Precious Cargo: Who's Driving the Bus?

Joseph Ingle Bus Service safely shuttles hundreds of kids to schools along the South Shore every day. Owner Steve Ingle said he heavily vets each of his drivers, knowing that when parents put their kids on the bus, they put blind faith in the person behind the wheel, but he may be the exception.

"We're taking lives in our hands. Innocent lives," Ingle said. "Young lives — they trust us."

An NBC Boston Investigators review of 28 Massachusetts bus drivers' records and dozens of state bus certificate letters revealed an alarming number of drivers with a lengthy history of violations.

"Sometimes what we don't know is the problem," said Stephanie Gray, past president of the Massachusetts PTA.

Parents tells us they rely on schools to make sure. Schools say they trust the state to flag problems with driving records.

But NBC Boston's investigation found a breakdown in the system that may be putting dangerous drivers on the road.

"Public safety is their purview and the safety of children is no higher purview," Gray said.

In the records NBC Boston obtained through public records requests, the state would not release the names of drivers they've disciplined citing privacy concerns.

So we took media reports of recent school bus crashes and pulled the drivers' records, no matter whether they were at fault.

Even though it was a small sample, of the 28 drivers we reviewed, 50 percent had eight or more significant incidents on their record—crashes, speeding, license suspensions, using a cell phone, failure to yield to pedestrians, no child restraint, failure to stop for a school bus, among others.

Tom Scott heads the Massachusetts Association of School Superintendents. He was stunned to see what the state deems acceptable.

Before one driver's last crash, she was found responsible in five other crashes, four cases of speeding, two cases of not restraining a child, and one failure to stop.

"Someone looked at this and made a judgment," Scott said. "What went into their thinking?"

Two separate state agencies together are responsible for bus

First, you need a commercial driver's license—and pass a road test, have a physical — from the Registry of Motor Vehicles.

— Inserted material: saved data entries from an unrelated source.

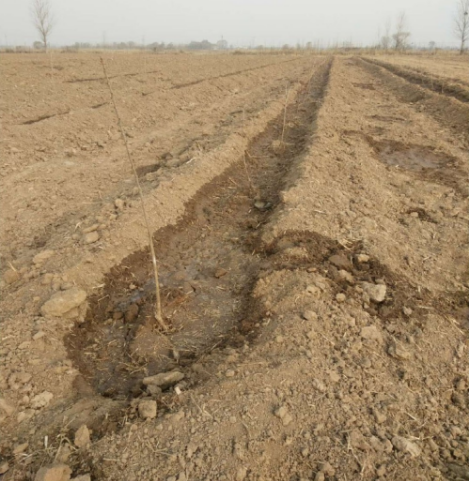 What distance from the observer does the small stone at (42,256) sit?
13.3 feet

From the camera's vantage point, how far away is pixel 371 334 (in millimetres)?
3260

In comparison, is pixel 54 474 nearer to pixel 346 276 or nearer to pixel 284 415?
pixel 284 415

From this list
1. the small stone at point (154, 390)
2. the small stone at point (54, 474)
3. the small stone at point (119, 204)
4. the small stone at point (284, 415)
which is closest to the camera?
the small stone at point (54, 474)

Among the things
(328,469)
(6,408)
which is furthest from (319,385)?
(6,408)

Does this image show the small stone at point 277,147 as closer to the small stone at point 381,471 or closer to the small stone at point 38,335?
the small stone at point 38,335

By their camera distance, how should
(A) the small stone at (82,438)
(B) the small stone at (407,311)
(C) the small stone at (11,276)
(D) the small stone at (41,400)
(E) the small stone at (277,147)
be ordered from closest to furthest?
(A) the small stone at (82,438) → (D) the small stone at (41,400) → (B) the small stone at (407,311) → (C) the small stone at (11,276) → (E) the small stone at (277,147)

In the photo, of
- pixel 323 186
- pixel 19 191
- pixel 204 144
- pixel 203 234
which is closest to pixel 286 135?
pixel 204 144

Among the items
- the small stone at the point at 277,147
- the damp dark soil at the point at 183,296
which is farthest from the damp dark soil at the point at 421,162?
the damp dark soil at the point at 183,296

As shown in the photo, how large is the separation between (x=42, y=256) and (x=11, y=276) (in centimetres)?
35

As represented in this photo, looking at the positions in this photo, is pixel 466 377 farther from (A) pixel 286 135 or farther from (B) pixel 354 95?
(B) pixel 354 95

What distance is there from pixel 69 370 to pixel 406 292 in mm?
3003

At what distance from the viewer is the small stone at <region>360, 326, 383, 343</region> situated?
10.6 ft

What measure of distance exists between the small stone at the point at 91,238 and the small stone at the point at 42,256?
35cm

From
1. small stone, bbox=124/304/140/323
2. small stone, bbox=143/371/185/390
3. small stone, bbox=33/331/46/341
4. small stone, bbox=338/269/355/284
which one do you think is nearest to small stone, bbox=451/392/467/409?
small stone, bbox=338/269/355/284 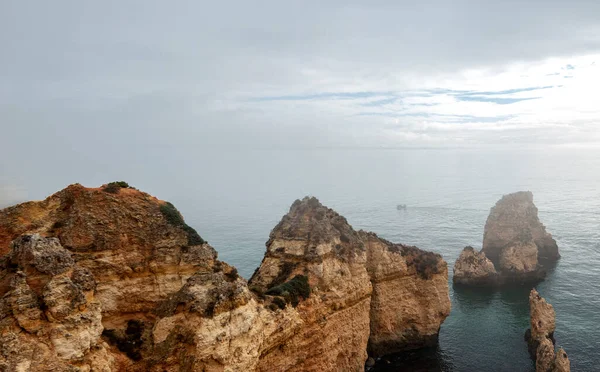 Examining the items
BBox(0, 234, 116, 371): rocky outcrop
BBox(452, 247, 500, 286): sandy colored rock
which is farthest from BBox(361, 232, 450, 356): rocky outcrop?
BBox(0, 234, 116, 371): rocky outcrop

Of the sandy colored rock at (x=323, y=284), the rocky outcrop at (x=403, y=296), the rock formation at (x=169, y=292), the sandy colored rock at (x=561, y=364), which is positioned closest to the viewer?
the rock formation at (x=169, y=292)

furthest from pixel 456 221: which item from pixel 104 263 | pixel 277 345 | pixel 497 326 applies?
pixel 104 263

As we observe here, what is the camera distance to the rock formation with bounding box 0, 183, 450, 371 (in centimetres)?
1686

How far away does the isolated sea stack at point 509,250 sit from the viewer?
70188 mm

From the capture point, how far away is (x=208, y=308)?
2292cm

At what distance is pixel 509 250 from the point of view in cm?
7356

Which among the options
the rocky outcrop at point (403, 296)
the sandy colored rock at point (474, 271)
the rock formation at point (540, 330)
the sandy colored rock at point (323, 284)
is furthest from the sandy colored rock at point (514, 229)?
the sandy colored rock at point (323, 284)

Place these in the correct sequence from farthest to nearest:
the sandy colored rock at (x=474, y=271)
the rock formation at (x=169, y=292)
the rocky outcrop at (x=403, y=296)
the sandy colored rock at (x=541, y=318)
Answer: the sandy colored rock at (x=474, y=271)
the sandy colored rock at (x=541, y=318)
the rocky outcrop at (x=403, y=296)
the rock formation at (x=169, y=292)

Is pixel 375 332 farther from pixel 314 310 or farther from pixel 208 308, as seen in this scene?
pixel 208 308

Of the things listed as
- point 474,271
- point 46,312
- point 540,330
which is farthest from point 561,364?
point 46,312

Then you need a school bus certificate—and a review of criminal background, sex offender history, and driving record — from the Department of Public Utilities.

The Registry has the legal power to suspend or revoke a school bus driver's license on "reasonable grounds," but NBC Boston Investigators found that since 2010 the state has revoked certificates for just 21 out of about 11,000 drivers.

Spokespeople for both the Registry of Motor Vehicles and the Department of Public Utilities declined requests for interviews.

According to the RMV, a driver must have a "clean record," but DPU would not give us a definition of "clean," instead referring us back to the state statute.

The state said that school bus drivers have to be reviewed and re-approved every year, and they now require police to report any arrests to the RMV.

But one long time driver, who has never been arrested, has decades of infractions and keeps passing muster.

"There's no way that person should have a license," Scott said after reviewing the driver's history. "That’s a problem."

Of those most problematic drivers NBC Boston Investigators looked at — those with eight or more incidents — more than a third of them still have active school bus certificates.

"Somewhere, somehow, someone should have said stop," he said.

Scott said he plans to tell superintendents to monitor the hiring of their bus drivers more closely and demand the same of outside transportation contractors.